Por Diogo Lisbona Romeiro

Em um sistema predominantemente hidrelétrico, todos estão sujeitos ao risco hidrológico de não haver água suficiente para garantir o suprimento de eletricidade. No entanto, dependendo das regras de comercialização de energia, a exposição ao risco hidrológico pode resultar em diferentes desdobramentos financeiros para os agentes do setor.

No sistema elétrico brasileiro, as regras de comercialização evoluíram ao longo do tempo, reconfigurando as exposições dos agentes ao risco hidrológico. Mas, historicamente, os riscos foram encobertos pela elevada capacidade de armazenamento dos reservatórios hídricos. A tendência de maior intermitência na matriz, no entanto, torna o risco cada vez mais concreto. É neste contexto que se situam as discussões atuais sobre o repasse do risco hidrológico das geradoras hidrelétricas para os consumidores, suscitadas pela Media Provisória nº 688/2015.

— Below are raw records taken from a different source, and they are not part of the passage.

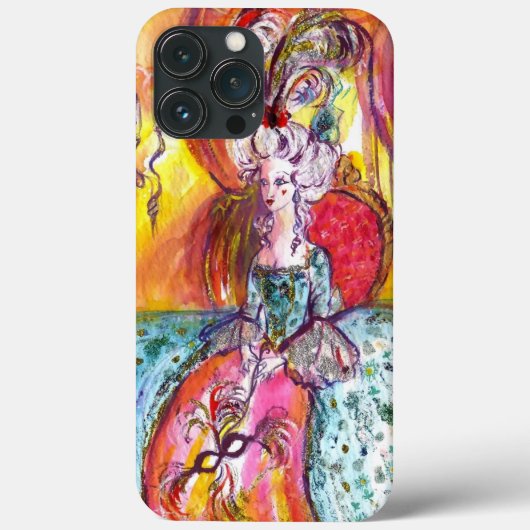 ベネチアンマスカレード Case-Mate iPhoneケース (裏面)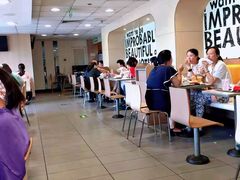 -麦当劳(军博店)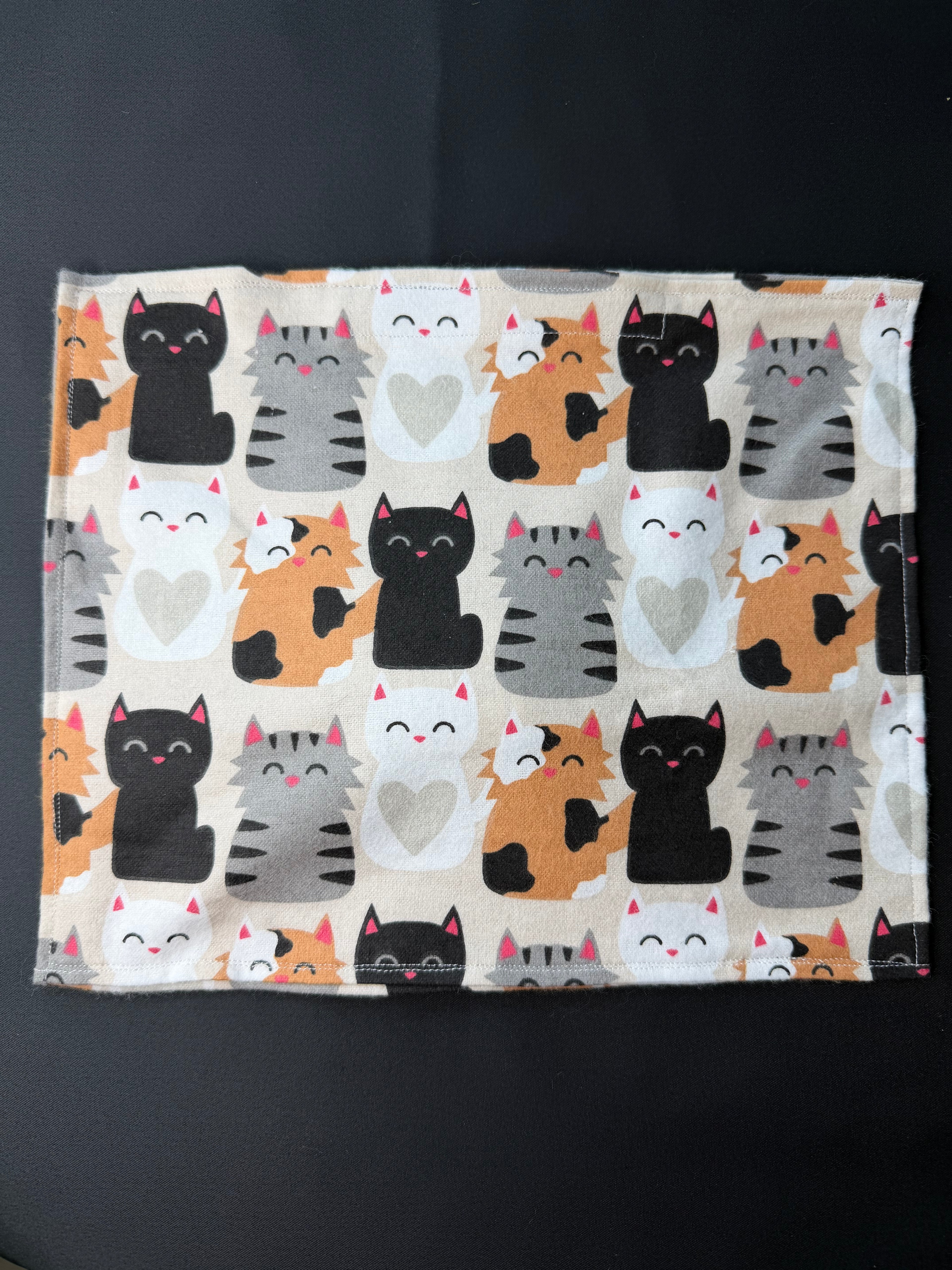 Refillable Catnip Mat Cats Can’t Get Enough Of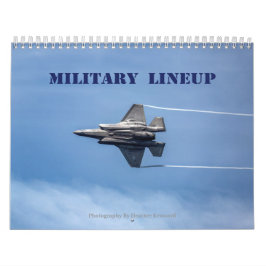 Calendario Military Lineup Calendar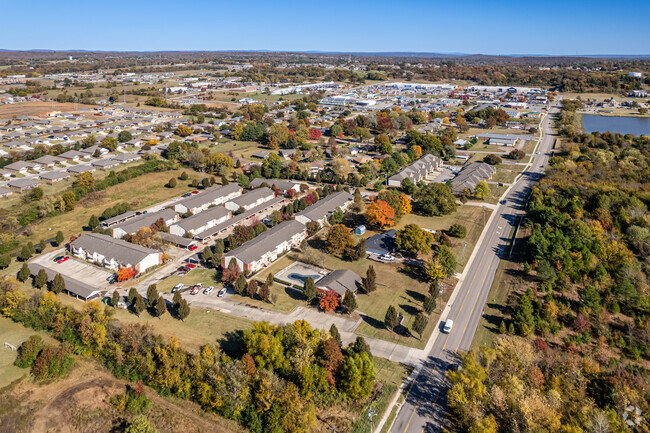 Aerial - Rena Valley Apartments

Evolução das exposições ao risco hidrológico dos agentes

Até a reforma liberalizante dos anos 1990, as geradoras hidrelétricas eram remuneradas pelo custo do serviço. A operação e a expansão do sistema eram coordenadas centralizadamente e o parque gerador hidrelétrico era dimensionado a partir da energia firme que cada usina podia gerar. Inicialmente, o conceito “firme” indicava a quantidade máxima de energia capaz de ser gerada considerando a pior afluência já registrada.

Posteriormente, passou-se a adotar um critério probabilístico, calculando a produção máxima assegurada em uma determinada fração de afluências hidrológicas simuladas (KELMAN et al., 2002). As energias firmes (ou asseguradas) constavam nos contratos de suprimento, mas tinham consequências comerciais limitadas para as geradoras, já que as tarifas as remuneravam pelo custo do serviço. A operação do sistema era centralizada pela Eletrobrás, através do Grupo Coordenador da Operação Interligada, que otimizava a gestão dos reservatórios de modo a repartir benefícios, custos e riscos (hidrológicos) entre todos.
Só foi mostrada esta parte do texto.